- DATA SECTION
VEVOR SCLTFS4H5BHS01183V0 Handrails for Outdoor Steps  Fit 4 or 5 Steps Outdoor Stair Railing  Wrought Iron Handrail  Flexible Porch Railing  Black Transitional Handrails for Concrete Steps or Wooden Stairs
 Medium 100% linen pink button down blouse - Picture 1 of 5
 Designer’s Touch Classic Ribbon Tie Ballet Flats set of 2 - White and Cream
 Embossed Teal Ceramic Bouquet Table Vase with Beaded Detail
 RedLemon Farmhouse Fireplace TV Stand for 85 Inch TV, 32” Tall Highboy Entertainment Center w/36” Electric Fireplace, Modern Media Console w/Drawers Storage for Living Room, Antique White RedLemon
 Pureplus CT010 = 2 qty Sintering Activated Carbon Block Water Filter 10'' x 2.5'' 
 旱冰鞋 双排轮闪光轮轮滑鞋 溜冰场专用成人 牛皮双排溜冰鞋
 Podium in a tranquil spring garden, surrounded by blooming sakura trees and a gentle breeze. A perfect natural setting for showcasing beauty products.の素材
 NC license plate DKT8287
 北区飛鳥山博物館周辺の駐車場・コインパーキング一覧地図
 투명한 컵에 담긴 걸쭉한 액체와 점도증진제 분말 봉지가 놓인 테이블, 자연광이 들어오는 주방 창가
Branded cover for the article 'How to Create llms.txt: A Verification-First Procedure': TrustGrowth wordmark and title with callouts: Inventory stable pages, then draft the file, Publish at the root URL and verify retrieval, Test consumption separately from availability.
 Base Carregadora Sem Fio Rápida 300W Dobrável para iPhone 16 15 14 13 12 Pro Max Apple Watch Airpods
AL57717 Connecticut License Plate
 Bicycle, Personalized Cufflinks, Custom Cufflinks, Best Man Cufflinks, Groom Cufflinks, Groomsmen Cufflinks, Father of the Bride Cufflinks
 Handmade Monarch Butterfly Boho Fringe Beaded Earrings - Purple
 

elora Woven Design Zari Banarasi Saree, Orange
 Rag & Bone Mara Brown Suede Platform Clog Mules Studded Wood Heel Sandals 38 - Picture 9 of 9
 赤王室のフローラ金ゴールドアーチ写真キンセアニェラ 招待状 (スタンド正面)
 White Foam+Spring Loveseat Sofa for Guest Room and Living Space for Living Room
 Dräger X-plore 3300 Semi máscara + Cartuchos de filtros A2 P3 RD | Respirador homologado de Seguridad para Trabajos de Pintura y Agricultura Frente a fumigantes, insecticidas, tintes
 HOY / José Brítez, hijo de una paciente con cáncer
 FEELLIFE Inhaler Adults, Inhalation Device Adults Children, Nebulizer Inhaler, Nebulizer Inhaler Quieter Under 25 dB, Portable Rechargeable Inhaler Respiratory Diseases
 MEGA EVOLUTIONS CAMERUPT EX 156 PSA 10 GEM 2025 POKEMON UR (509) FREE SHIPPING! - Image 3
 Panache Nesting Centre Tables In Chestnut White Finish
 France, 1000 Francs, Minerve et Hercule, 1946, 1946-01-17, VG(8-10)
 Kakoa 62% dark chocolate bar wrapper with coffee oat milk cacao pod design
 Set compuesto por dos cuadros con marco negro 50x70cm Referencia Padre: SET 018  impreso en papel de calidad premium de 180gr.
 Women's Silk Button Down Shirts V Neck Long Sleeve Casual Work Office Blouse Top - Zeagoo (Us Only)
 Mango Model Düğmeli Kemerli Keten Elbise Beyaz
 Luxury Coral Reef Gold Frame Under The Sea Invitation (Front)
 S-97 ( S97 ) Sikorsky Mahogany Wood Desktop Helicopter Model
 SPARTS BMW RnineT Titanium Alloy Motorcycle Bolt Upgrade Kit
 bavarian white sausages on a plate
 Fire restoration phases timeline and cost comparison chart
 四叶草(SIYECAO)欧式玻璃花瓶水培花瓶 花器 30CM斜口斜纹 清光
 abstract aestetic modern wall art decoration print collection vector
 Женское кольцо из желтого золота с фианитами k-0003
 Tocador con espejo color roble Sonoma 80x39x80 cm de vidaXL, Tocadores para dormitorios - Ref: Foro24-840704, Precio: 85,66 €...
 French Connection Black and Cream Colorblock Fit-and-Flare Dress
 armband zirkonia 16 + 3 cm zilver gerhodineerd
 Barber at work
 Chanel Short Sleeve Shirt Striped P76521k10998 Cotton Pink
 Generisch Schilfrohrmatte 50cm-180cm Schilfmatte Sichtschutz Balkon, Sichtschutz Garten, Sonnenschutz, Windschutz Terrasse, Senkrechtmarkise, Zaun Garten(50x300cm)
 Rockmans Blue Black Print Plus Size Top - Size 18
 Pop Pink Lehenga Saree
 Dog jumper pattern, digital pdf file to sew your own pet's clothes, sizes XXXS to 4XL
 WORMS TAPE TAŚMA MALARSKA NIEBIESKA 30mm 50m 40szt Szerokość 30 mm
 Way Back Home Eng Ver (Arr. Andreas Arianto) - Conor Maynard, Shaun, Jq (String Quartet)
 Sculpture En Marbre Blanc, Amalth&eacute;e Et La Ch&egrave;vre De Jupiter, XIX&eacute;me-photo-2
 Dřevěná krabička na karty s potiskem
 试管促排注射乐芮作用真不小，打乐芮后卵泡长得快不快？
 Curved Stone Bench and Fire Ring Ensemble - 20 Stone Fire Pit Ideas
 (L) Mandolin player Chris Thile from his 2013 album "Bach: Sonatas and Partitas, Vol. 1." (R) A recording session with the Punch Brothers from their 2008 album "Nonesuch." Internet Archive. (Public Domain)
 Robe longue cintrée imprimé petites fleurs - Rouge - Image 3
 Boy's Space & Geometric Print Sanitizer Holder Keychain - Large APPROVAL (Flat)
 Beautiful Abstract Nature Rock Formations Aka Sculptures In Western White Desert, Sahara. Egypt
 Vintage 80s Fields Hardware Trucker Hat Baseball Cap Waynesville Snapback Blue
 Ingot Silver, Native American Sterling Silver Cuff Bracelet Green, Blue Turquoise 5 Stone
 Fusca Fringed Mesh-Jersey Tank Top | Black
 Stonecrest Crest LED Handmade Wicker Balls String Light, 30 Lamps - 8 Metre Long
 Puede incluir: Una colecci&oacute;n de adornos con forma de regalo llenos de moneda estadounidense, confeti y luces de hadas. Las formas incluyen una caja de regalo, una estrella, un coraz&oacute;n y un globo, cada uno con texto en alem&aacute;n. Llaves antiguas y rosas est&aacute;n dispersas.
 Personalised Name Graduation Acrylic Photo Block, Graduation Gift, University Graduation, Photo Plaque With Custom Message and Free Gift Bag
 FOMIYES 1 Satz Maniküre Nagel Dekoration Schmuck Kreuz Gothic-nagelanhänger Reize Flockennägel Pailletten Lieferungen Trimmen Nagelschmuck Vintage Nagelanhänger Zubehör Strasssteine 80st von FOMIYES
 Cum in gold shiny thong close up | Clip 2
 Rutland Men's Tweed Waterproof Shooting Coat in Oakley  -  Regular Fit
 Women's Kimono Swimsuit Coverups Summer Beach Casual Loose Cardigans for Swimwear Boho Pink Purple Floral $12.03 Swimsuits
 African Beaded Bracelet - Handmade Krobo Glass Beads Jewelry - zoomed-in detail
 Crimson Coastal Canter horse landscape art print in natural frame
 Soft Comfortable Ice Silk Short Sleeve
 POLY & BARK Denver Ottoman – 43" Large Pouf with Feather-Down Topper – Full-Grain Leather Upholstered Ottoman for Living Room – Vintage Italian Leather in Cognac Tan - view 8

- WHAT THE TASK REQUIRES
In the data above, find the line with "Set compuesto por" and the line with "Dog jumper pattern, digital". Retype both, plus every line between them, exactly.

- ANSWER BOX
 Set compuesto por dos cuadros con marco negro 50x70cm Referencia Padre: SET 018  impreso en papel de calidad premium de 180gr.
 Women's Silk Button Down Shirts V Neck Long Sleeve Casual Work Office Blouse Top - Zeagoo (Us Only)
 Mango Model Düğmeli Kemerli Keten Elbise Beyaz
 Luxury Coral Reef Gold Frame Under The Sea Invitation (Front)
 S-97 ( S97 ) Sikorsky Mahogany Wood Desktop Helicopter Model
 SPARTS BMW RnineT Titanium Alloy Motorcycle Bolt Upgrade Kit
 bavarian white sausages on a plate
 Fire restoration phases timeline and cost comparison chart
 四叶草(SIYECAO)欧式玻璃花瓶水培花瓶 花器 30CM斜口斜纹 清光
 abstract aestetic modern wall art decoration print collection vector
 Женское кольцо из желтого золота с фианитами k-0003
 Tocador con espejo color roble Sonoma 80x39x80 cm de vidaXL, Tocadores para dormitorios - Ref: Foro24-840704, Precio: 85,66 €...
 French Connection Black and Cream Colorblock Fit-and-Flare Dress
 armband zirkonia 16 + 3 cm zilver gerhodineerd
 Barber at work
 Chanel Short Sleeve Shirt Striped P76521k10998 Cotton Pink
 Generisch Schilfrohrmatte 50cm-180cm Schilfmatte Sichtschutz Balkon, Sichtschutz Garten, Sonnenschutz, Windschutz Terrasse, Senkrechtmarkise, Zaun Garten(50x300cm)
 Rockmans Blue Black Print Plus Size Top - Size 18
 Pop Pink Lehenga Saree
 Dog jumper pattern, digital pdf file to sew your own pet's clothes, sizes XXXS to 4XL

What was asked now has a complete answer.